Epstein–Barr virus vaccine

Vaccine description
- Target: Epstein–Barr virus

Identifiers
- ChemSpider: none;

= Epstein–Barr virus vaccine =

Ongoing medical research

As of 2026, a vaccine against Epstein–Barr virus was not yet available. The virus establishes latent infection and causes infectious mononucleosis. There is also increasing evidence that EBV may be a trigger of multiple sclerosis. It is a dual-tropic virus, meaning that it infects two different host cell types — in this case, both B cells and epithelial cells. One challenge is that the Epstein–Barr virus expresses very different proteins during its lytic and its latent phases. Antiviral agents act by inhibiting viral DNA replication, but As of 2016, there was little evidence that they are effective against Epstein–Barr virus. They are also expensive, risk causing resistance to antiviral agents, and (in 1% to 10% of cases) can cause unpleasant side effects.

Several clinical trials for a vaccine were conducted in 2006–2008. The viral proteins Gp350/220 are a primary target, but this would only block infection of B cells, not epithelial cells. A vaccine called MVA-EL has been also proposed as a target for EBV-positive cancers, but this would only be effective in combating EBV-related cancers, not the EBV infection itself. VLP (virus-like particle)-based EBV vaccines are also the subject of intensive research.

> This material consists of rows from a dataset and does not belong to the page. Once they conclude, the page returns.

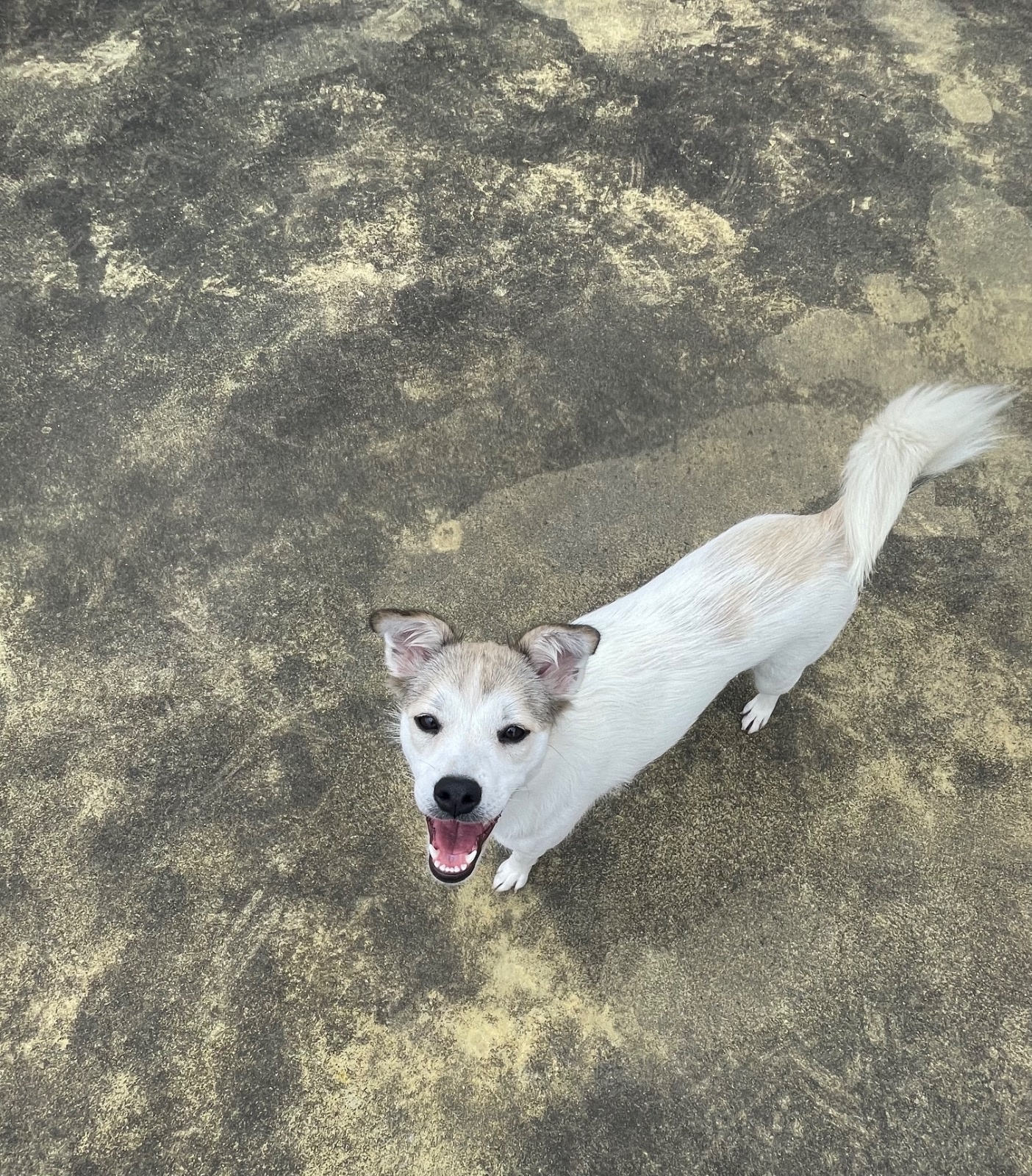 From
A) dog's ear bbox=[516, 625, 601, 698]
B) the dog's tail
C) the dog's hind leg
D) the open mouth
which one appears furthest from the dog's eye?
the dog's tail

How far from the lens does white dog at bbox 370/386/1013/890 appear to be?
97.7 inches

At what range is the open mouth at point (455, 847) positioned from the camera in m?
2.48

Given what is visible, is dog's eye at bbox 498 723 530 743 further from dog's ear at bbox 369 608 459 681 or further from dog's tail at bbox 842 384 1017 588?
dog's tail at bbox 842 384 1017 588

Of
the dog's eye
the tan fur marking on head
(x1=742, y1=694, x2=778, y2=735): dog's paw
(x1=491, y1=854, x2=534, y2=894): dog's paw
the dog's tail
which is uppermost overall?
the dog's tail

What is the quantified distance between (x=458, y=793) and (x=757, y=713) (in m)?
2.01

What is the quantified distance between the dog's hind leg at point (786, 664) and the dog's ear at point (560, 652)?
3.48ft

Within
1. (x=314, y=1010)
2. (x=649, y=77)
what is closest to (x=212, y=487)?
(x=314, y=1010)

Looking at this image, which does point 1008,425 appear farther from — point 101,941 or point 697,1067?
point 101,941

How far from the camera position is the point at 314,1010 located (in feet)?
10.1

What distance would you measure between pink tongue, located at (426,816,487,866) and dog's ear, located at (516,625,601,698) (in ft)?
1.75

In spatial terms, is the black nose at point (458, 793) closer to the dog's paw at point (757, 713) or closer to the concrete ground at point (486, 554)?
the concrete ground at point (486, 554)

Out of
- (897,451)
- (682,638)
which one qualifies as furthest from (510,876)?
(897,451)

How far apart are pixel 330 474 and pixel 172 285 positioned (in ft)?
5.84

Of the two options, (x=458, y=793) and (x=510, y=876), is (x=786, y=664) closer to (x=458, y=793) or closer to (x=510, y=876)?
(x=510, y=876) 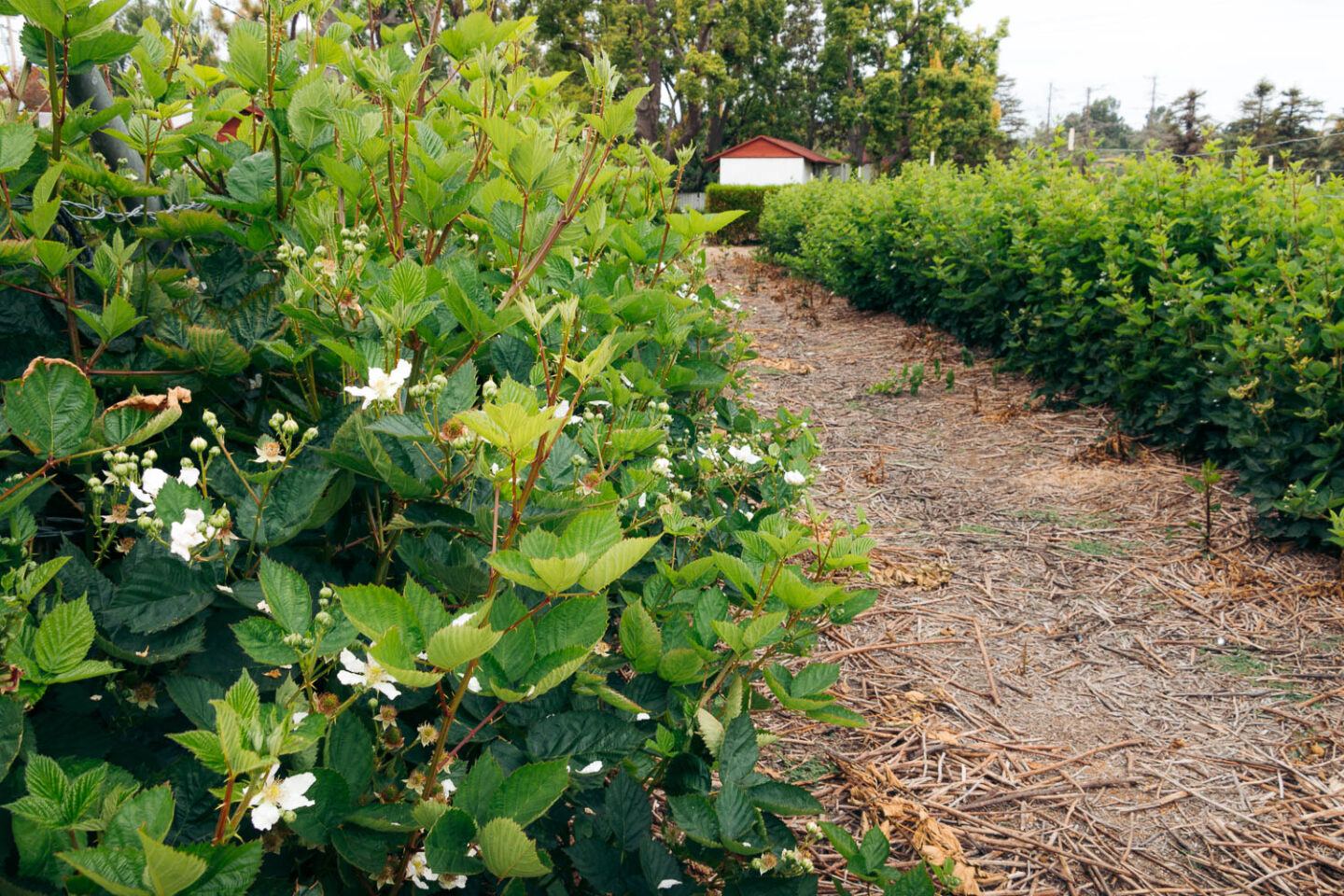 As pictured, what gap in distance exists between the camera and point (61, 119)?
115cm

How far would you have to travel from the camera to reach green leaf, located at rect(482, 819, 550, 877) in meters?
0.69

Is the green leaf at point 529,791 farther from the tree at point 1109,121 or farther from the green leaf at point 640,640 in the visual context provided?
the tree at point 1109,121

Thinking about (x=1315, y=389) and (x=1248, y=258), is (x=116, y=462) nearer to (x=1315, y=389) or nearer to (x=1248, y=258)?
(x=1315, y=389)

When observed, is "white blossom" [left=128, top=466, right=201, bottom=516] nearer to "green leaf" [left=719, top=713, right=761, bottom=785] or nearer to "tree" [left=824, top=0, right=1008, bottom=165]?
"green leaf" [left=719, top=713, right=761, bottom=785]

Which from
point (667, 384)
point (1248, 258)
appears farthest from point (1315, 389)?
point (667, 384)

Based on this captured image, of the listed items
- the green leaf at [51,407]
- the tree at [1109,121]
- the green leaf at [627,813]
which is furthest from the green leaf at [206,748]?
the tree at [1109,121]

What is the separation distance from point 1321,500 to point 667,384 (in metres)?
2.60

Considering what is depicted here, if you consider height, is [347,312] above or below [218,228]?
below

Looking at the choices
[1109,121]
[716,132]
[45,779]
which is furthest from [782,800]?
[1109,121]

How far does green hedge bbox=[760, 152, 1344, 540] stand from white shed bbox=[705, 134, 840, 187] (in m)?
30.2

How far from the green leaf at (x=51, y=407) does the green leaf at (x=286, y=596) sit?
0.24 meters

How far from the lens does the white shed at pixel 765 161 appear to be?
116ft

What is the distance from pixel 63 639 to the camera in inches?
26.7

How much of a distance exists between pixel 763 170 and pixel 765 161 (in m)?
0.36
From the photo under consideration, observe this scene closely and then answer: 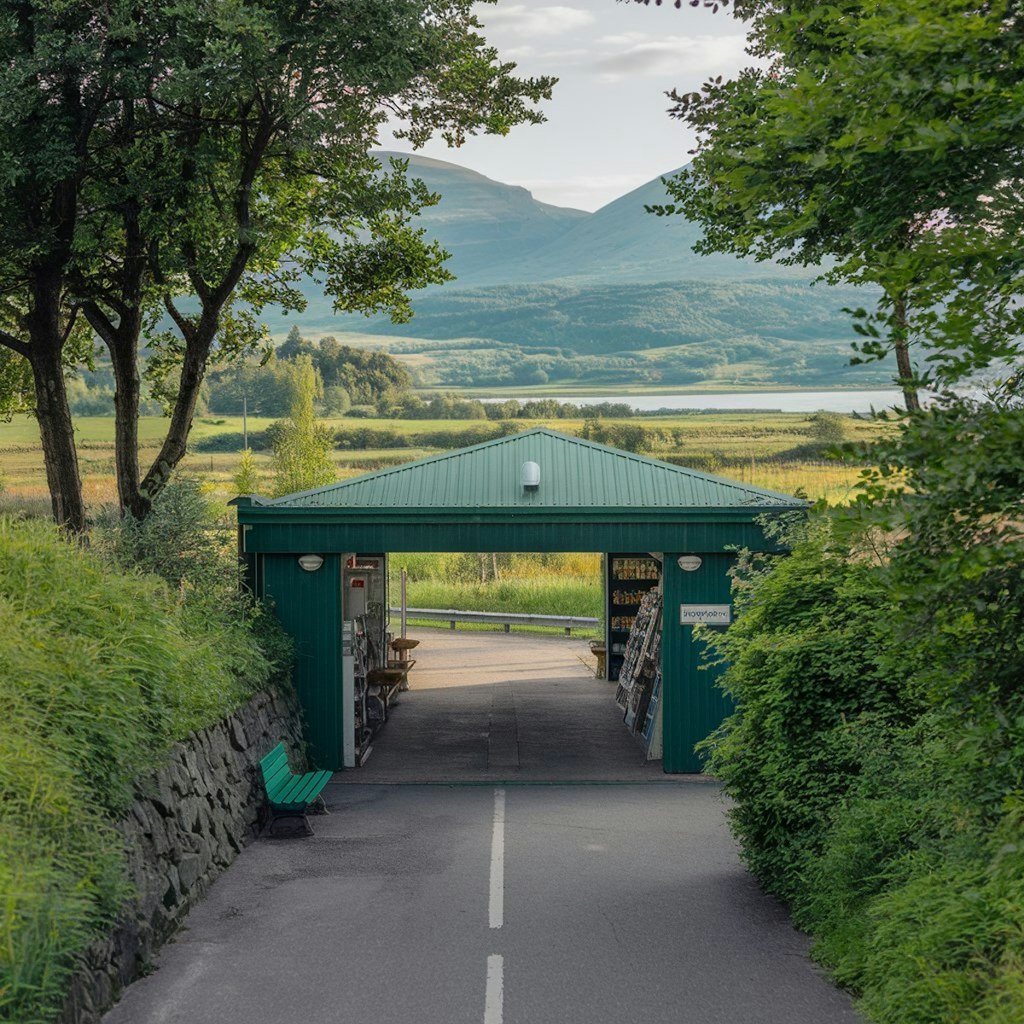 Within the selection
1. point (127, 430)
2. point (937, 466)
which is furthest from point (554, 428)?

In April 2018, the first human antibody that blocks Epstein-Barr Virus was discovered, called AMMO1. It blocks glycoproteins gH and gL. This discovery defines new sites of vulnerability on Epstein-Barr Virus, and neutralizes the dual-tropic infection (stopping both infection of B cells and epithelial cells). It is the most promising discovery to date, as it is the first that may be able to block both B cell infection and epithelial infection.

In 2021, Moderna announced two mRNA vaccine candidates targeting EBV: a prophylactic mRNA-1189 and a therapeutic mRNA-1195. Regarding the mRNA-1189, the company said that the "vaccine encodes five glycoproteins to inhibit both mechanisms for viral entry into B cells (gp350 plus gH/gL/gp42), adds protection for epithelial cells (gH/gL), and includes gB for protection of all cells." The viral proteins produced by the mRNA in this vaccine are expressed in their native form, bound to the cell membrane, where they are available for recognition by the immune system. The company began Phase I clinical trials of mRNA-1189 on 5 January 2022. The other candidate, mRNA-1195 vaccine, is being developed to prevent longer-term complications which may be caused by EBV, and it contains additional antigens compared to mRNA-1189. In early 2023, Moderna began Phase I clinical trials of mRNA-1195. A phase II clinical trial started in 2025 to assess safety and effectiveness in the treatment of MS.